## TASK BRIEF:
Locate the string "Dyson" in the records below. Copy every line where it occurs.

(SUPPLIED DATA Opens)

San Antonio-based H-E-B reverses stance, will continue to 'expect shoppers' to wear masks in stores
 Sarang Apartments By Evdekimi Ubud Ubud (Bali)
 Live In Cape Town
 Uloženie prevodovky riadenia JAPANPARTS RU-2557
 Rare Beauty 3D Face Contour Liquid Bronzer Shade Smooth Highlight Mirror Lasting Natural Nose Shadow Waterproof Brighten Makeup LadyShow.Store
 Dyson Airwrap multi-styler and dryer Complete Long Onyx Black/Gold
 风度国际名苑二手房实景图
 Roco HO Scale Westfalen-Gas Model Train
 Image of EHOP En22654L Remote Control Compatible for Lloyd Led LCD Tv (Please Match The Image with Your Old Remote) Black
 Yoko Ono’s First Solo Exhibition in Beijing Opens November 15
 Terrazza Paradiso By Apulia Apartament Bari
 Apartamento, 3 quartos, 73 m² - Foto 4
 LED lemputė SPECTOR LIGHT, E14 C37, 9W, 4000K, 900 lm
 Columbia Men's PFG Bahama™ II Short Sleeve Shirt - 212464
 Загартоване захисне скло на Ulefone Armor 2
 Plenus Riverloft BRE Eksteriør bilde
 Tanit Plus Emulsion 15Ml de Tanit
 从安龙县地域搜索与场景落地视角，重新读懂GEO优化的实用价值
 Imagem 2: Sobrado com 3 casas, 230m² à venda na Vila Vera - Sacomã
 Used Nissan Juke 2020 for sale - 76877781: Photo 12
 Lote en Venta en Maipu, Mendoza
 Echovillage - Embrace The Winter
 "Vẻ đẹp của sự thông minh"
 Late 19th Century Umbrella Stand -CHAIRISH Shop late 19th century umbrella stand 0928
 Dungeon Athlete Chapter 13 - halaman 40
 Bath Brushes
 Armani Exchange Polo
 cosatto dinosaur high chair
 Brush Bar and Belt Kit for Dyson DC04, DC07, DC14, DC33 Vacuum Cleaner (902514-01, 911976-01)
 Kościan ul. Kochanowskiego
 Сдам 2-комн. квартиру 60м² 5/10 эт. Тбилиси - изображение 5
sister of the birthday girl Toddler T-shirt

(SUPPLIED DATA Closes)

## THE ANSWER:
 Dyson Airwrap multi-styler and dryer Complete Long Onyx Black/Gold
 Brush Bar and Belt Kit for Dyson DC04, DC07, DC14, DC33 Vacuum Cleaner (902514-01, 911976-01)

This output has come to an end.